Transit Monthly Data (Excel) (Links to an external site.) contains the number of monthly transit rides on a transportation system from June 2013 up until May 2017. Our goal is to predict the ride volume for the following 12 months.

Model 1: Exponential Smoothing (12 points)

Keep the last 12 months as a holdout (validation) data set, and the remaining data as a training set.

Set the number of forecasts to 12.

a. (3 points) Create and attach the time series plot of the number of monthly transit rides. Does this time series exhibit trend and/or seasonality?

b. (9 points) Based on your answer in part a, identify the best exponential smoothing model with appropriate smoothing constant.

i. (5 points) Attach the StatTools report. Also, include a plot of the predicted volume and actual over time.

ii. (2 points) What are the RMSE and MAPE of the model based on the holdout data?

iii.(2 points) What are the predicted ride volumes for June 2017–May 2018?

Model 2: Regression Models (18 points)

Keep the last 12 months as a validation data set, and the remaining data as a training set.

a. (10 points) Build a regression model with trend and seasonality.

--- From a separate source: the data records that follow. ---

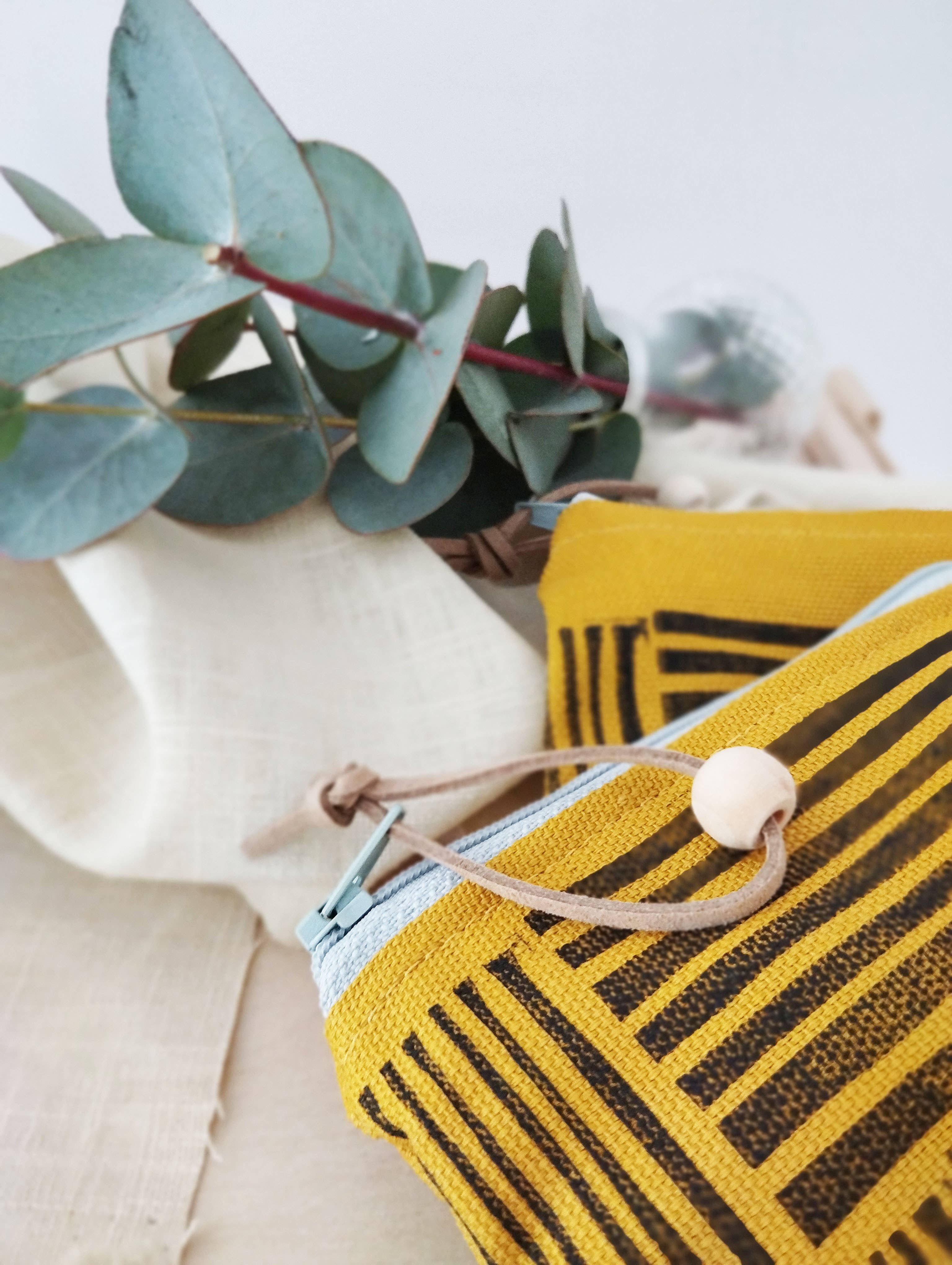 The Ink Job - Wholesale Pouch - Women's - Graphic Pattern Zipper Pouch5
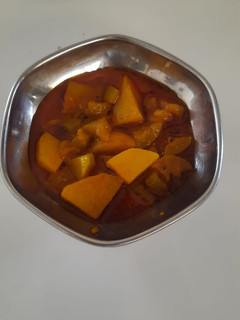 દૂધી બટાકા નું શાક (Dudhi Bataka Shak Recipe In Gujarati) રેસીપી મુખ્ય ફોટો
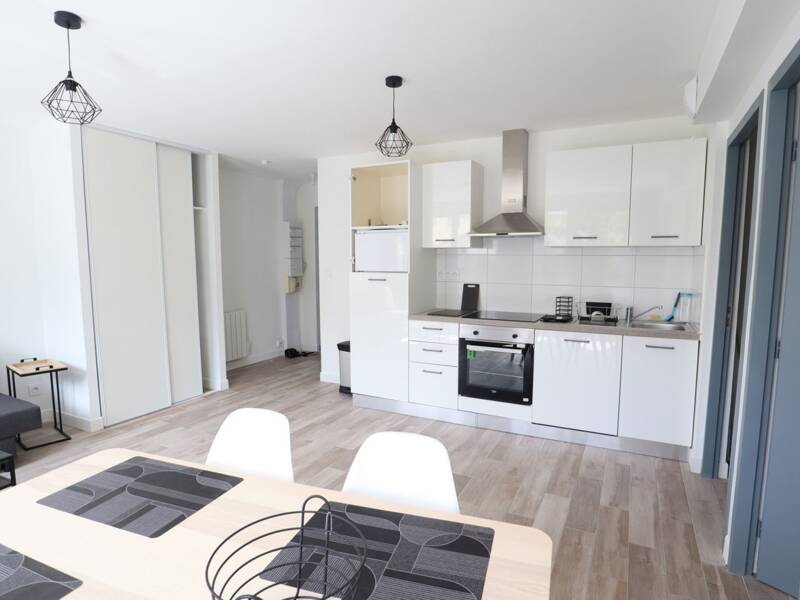 Maison à louer, 44m², LYON 8E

i. (6 points) Attach the StatTools report including regression equation. Also, insert a plot of the fitted values and the actual values over time.

ii. (2 points) Compute RMSE and MAPE of the model based on the validation data.

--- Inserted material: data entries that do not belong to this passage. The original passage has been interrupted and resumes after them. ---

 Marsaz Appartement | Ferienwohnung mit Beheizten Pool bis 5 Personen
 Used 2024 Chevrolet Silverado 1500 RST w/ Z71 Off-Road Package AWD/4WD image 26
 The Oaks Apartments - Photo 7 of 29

iii. (2 points) What are the predicted ride volumes for June 2017–May 2018?

b. (6 points) Suppose that we think weather impacts ridership. We have collected data on the highest temperature for each month in the dataset. Build a regression model with trend, seasonality and highest temperature.

i. (2 points) Attach the StatTools report including regression equation. Also, insert a plot of the fitted values and the actual values over time.

ii. (2 points) Compute RMSE and MAPE of the model based on the validation data.

iii. (2 points) Suppose the high temperature is 85 degrees in June 2017. What is your prediction for June 2017? Show how you got there.

c. (2 points) Which model is the best (your exponential smoothing model and two regression model)? Explain your answer.